Sanctions under national law

In general, the sanctions laid down by the national laws of the Member States to deal with acts which run counter to the Regulation may be seen as sufficiently dissuasive. The principle that infringements of the Regulation should incur penalties is generally accepted.

Where infringements are of an administrative nature, the sanctions generally consist of fines which can go up to many times the value of the cultural object concerned and, in certain countries, as far as temporary or permanent withdrawal of the administrative licence which is required in order to exercise that professional activity.

If the infringement is more serious or if it qualifies as smuggling (unlawful export of cultural goods), the penalties may involve confiscation of the object and/or the means of transport used, as well as deprivation of individual liberty.

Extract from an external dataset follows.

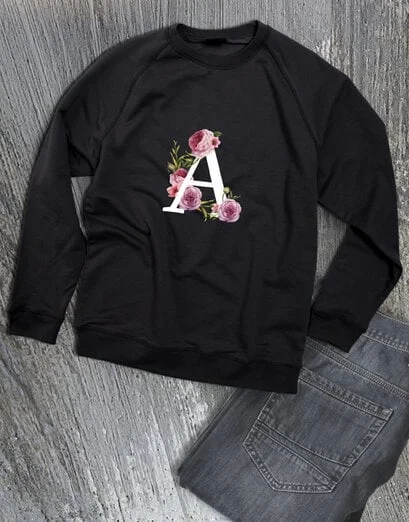 Personalised Rose Initial Sweater - Product image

In some Member States, the fact that cultural goods are part of the historical or archaeological treasures of the country may compound the potential penalty.

Issued export licences

Given the varied nature of data, it is difficult to compare the numbers of export licences issued [19], since there are virtually no data on the permanent or temporary nature of exports, giving the origin or provenance of the goods in question or the legal basis for the licences (Community Regulation or national law).

[19] These are shown in a table in Annex I to this report.

However, on the basis of the information forwarded by the Member States, it is nonetheless possible to draw the following conclusions :

- 1. First, it is very clear that there are major differences between the Member States as regards the number of licences applied for and issued. This is the case in particular in the United Kingdom (a total of 38.000 licences for all categories taken together), France (with more than 8.000 licences), Italy (2.800 licences) or Germany (1.800 licences), whereas the other Member States show a more uniform pattern but have a much smaller number of Community export licences. It is probable that these statistics are biased. This is because authorisations may have been used mistakenly to cover the transfer of cultural goods to other Member States when, in fact, under Community Regulations, such licences ought to have only been used for exports to third countries. It should also be pointed out that more than two-thirds of the export licences were issued in the United Kingdom ; even though this figure is not in any way a true reflection of the reality - since the data from this country includes all types of authorisations and licences and not only those issued pursuant to the Regulation - the commercial aspect plays an important role. The UK continues to be a major centre for the purchase and sale of art, attracting objects from other Member States. This contrasts with the situation in the Mediterranean countries, where virtually all of the objects exported are part of the cultural heritage.

- 2. While in most Member States the number of licences issued remains relatively constant, apart from a slight increase during the period under consideration, in others - particularly France, Italy and the Netherlands - the numbers are growing steadily; in some cases the number of licences has tripled. The reasons for this increase may be circumstantial, for instance an improvement in the economic situation which, in turn, stimulates the art trade, or they may be attributable to the introduction of systems leading to better information for the parties concerned on the regulations governing the export of cultural goods.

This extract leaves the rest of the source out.